Il y eut toute la question de la Banque Postale, dont je me suis souvent entretenu avec Jean-Claude Bailly, que j’avais connu alors qu’il était président de la RATP et que je travaillais sur la politique de la Ville – il voulait qu’il y eût un lien étroit entre transports et urbanisme –, et qui était devenu président de La Poste.

C’était une vieille affaire. J’avais plaidé à de nombreuses reprises pour que La Poste pût faire des prêts aux particuliers. Je me souviens du cher Pierre Bérégovoy, à qui j’en parlais, et qui me fit part de son impuissance, qu’il regrettait, face à la si puissante Association Française des Banques qui refusait absolument que le service public le mieux implanté de France – La Poste – fût en mesure d’apporter les fameux prêts aux particuliers.

D’autres, parmi les salariés, s’insurgeaient qu’on pût utiliser le terme de « Banque Postale ».

J’étais pourtant persuadé qu’à l’heure de l’ouverture et de la concurrence européenne, il aurait été impensable, et même suicidaire, que la Poste française fût la seule à ne pouvoir se doter de cette Banque Postale et de la capacité à proposer des prêts aux particuliers.

Ce fut une rude bataille. Je me souviens même qu’une grande banque française – qui se reconnaîtra – alla même jusqu’à ouvrir un nouveau contentieux devant les autorités de Bruxelles alors que la décision était imminente.

Avec la Banque Postale, la Poste disposa à coup sûr d’un nouvel atout – et les services financiers de La Source au premier chef – même si cela ne suffirait pas à enrayer la diminution des effectifs.

Et puis j’appris brusquement, dans des conditions, sur lesquelles je préfère ne pas revenir, la décision de fermer d’ici quelques années le bâtiment « de grande hauteur » de La Source.

À vrai dire, nous étions nombreux à nous douter que cela arriverait, en raison de normes toujours nouvelles.

Là encore, mon sang ne fit qu’un tour, et je me retrouvai dans le bureau de Philippe Wahl, actuel président de La Poste, au siège national, boulevard Vaugirard à Paris.

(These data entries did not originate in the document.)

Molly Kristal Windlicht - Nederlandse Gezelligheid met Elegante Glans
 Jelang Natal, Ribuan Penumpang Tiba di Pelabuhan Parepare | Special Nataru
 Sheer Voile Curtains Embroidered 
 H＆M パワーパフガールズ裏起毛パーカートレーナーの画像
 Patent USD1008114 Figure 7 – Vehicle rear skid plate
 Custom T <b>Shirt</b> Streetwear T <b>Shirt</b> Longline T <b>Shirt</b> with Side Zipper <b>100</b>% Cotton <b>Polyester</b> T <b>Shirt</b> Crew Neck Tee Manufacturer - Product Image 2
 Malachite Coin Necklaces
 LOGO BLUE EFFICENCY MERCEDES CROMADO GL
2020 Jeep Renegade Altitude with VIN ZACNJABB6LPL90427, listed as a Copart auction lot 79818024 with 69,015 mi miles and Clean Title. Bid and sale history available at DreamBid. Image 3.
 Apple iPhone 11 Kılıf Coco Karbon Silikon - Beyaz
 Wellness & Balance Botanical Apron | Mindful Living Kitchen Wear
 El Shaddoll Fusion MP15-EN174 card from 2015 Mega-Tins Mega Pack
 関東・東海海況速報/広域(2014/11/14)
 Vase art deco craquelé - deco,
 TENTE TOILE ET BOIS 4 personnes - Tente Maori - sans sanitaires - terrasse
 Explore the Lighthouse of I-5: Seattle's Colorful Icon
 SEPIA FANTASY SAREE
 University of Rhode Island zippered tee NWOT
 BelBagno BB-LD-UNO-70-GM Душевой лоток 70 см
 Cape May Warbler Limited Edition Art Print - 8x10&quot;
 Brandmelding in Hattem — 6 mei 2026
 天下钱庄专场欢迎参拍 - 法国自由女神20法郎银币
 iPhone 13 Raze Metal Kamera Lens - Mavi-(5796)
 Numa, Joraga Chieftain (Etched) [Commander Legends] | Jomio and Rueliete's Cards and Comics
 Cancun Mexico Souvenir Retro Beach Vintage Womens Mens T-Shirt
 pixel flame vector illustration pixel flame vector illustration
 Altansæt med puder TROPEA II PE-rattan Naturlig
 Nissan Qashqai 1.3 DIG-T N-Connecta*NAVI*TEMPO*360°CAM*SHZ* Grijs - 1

Sa position était claire. Pour « reloger » les « Chèques », il demanderait qu’on investiguât toutes les friches industrielles de l’Orléanais… Il était, pour lui, lors de cette première entrevue, hors de question de construire un bâtiment neuf, ni plusieurs. Il donnait ce qu’il pensait être l’exemple en vendant les bâtiments de la direction nationale de La Poste boulevard Vaugirard, qui allait s’installer dans des locaux loués, à Issy-les-Moulineaux… Je rétorquai que ce plan me paraissait impossible, que les « Chèques » ne devaient pas s’éloigner de la Source. Qu’ils en étaient le cœur. Et qu’on ne trouverait à proximité aucune friche industrielle adaptée.

Avec Olivier Carré, devenu maire d’Orléans, nous revînmes à la charge, chacun de son côté, puis ensemble.

La ténacité, mais aussi le simple réalisme, finirent par payer.

Philippe Wahl revint sur ses premiers propos. Et, on le sait, les « Chèques » s’installeront dans des locaux neufs, à quelques centaines de mètres de La Source, pour les services tertiaires, et à La Source pour les services techniques.

… Et l’histoire des « Chèques » continuera.